Napa Valley cricket Club Logo
Aussie Rules or “footy”, as the game is known colloquially, is a game played professionally solely in Australia, with social leagues of varying skill levels in existence around the world. The GGAFL is the largest Aussie football league in the US boasting five men’s teams and three women’s teams and usually play their games at Ygnacio Valley near Concord in the East Bay.

One of the men’s teams in the GGAFL, the San Francisco Seals, have been regular visitors to the Napa Valley over the last few years to play cricket against the Napa Valley Cricket Club (NVCC) on weekends when they had no Aussie Rules games scheduled. That connection has lead to NVCC hosting the GGAFL semi-finals for the first time.

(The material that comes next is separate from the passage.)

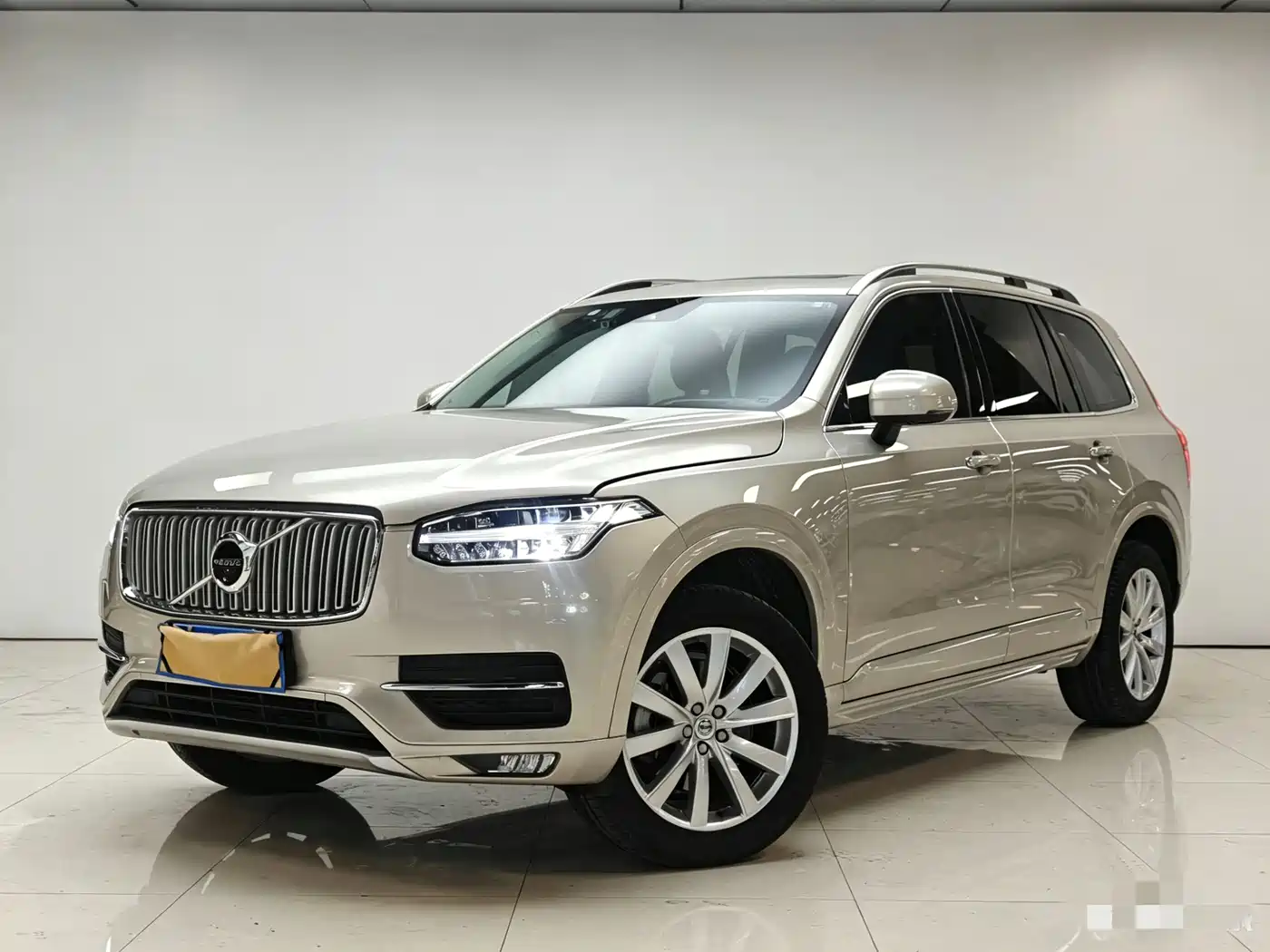Volvo XC90 2018 T6 Momentum 5-seater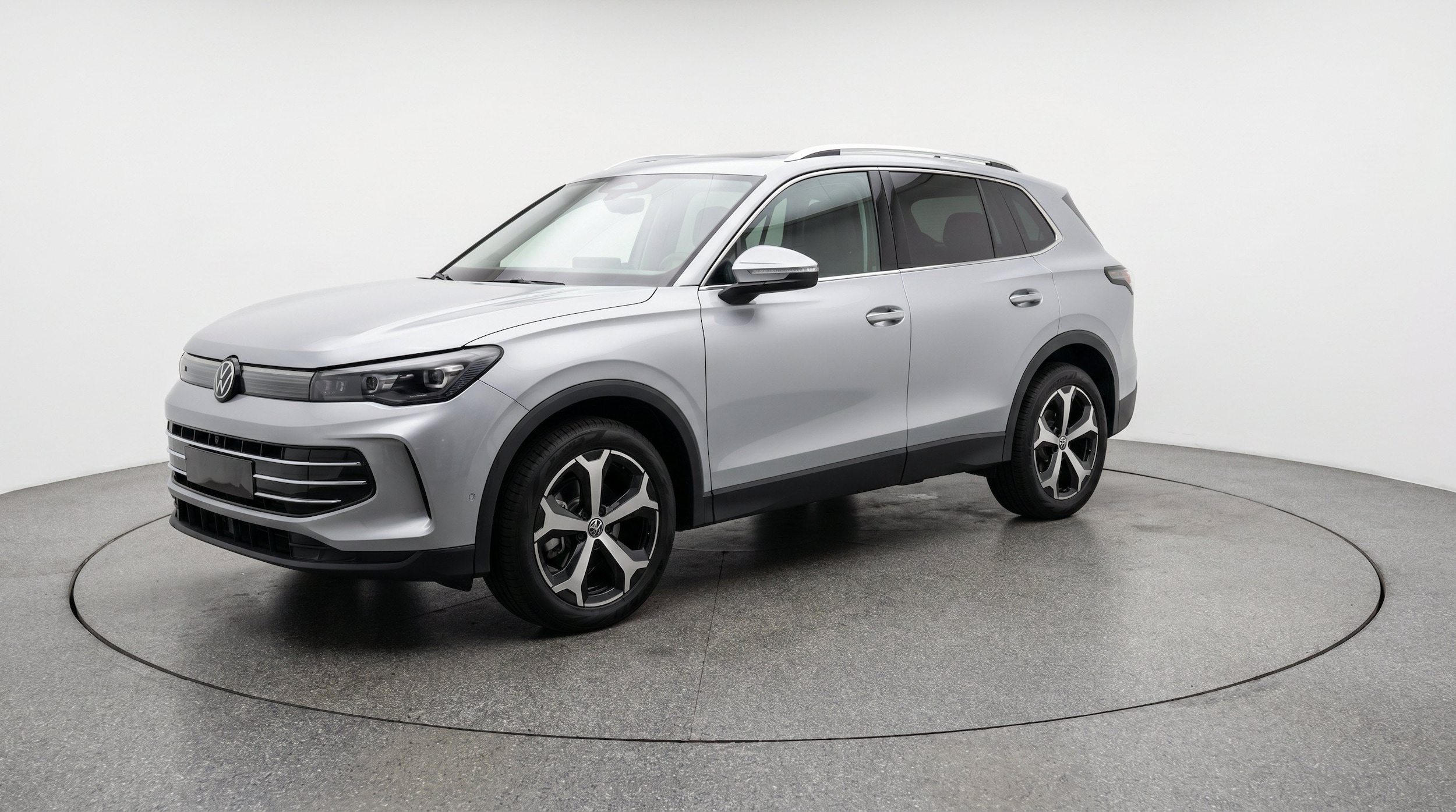 Thumbnail: 2026 Volkswagen Tiguan - 3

Aussie Rules traces its roots to 1858 in Melbourne, Australia, and is generally thought to be a hybrid sport that draws its origins from other ball sports including soccer, rugby, and Gaelic Football – from Ireland – and is played on an oval shaped field similar to a cricket field. The earliest leagues date back to the mid to late 1870’s and, at the highest professional level, the sport was concentrated mainly around Melbourne from then until the late 1980’s. Up until that time the sport went by the moniker – VFL – for Victorian Football league and was made up of clubs exclusively from the Australian state of Victoria. In 1990 the VFL became the AFL and a number of clubs from outside of Victoria were added to the league’s roster. One of the first clubs to be added was the West Coast Eagles, based out of Perth in Western Australia, who went on to win the Grand Final in 1992, and again in 1994.

Aussie Rules differs from many other field sports in that interchange substitutions are allowed during the game and these are controlled by a match official on the side. The oval shaped ball is slightly rounder on the end than either a rugby or American football ball. This allows it to be both bounced while the player is running and kicked end over end so that it’s easier to be caught by a team mate. A player can score either 6 points (a goal) for kicking the ball through the middle two of four posts, or one points (a behind) if they kick the ball between the outer and inner of the four posts. The game is four quarters long with each quarter lasting 20 minutes of playing time, which often stretches to 30 minutes with the addition of stoppages, of playing time, which often stretches to 30 minutes with the addition of stoppages, and each team has 18 players on the field with four interchange subs on the side.

Action from an Australian Rules match. Photo courtesy of USAFL

NVCC sponsor will Compadres Rio Grille, who host the annual livestream of the Aussie Rules Grand Final (think Superbowl Australian style) will be providing food on Saturday for what is anticipated to be a large crowd, of passionate Australians, and intrigued locals.

The first game is scheduled to start at 9.45am with the Seals playing the Mavericks. At 11.00am the Pirates square off against the Knight and at 12.15pm the women’s match see the Turtles play the Breakers. After the games are complete the back deck Compadres will be the venue for a Happy Hour social mixer for all of the teams and their supporters.

“We’re excited to bring our semi-finals day to the Napa Valley” said GGAFL President Julie Marks “and have the opportunity to play the game we all love at a new venue. The Silverado Green at the Napa Valley Expo has a beautiful surface and we’re looking to forward to see some top-class footy action being played on it. The crew at the Napa Valley Cricket Club have been incredibly accommodating of us and we’re mindful that we’re creating a little bit of local sports history with the three games. We welcome any locals who are intrigued by our version of football to come down and enjoy any, or all, of the three games.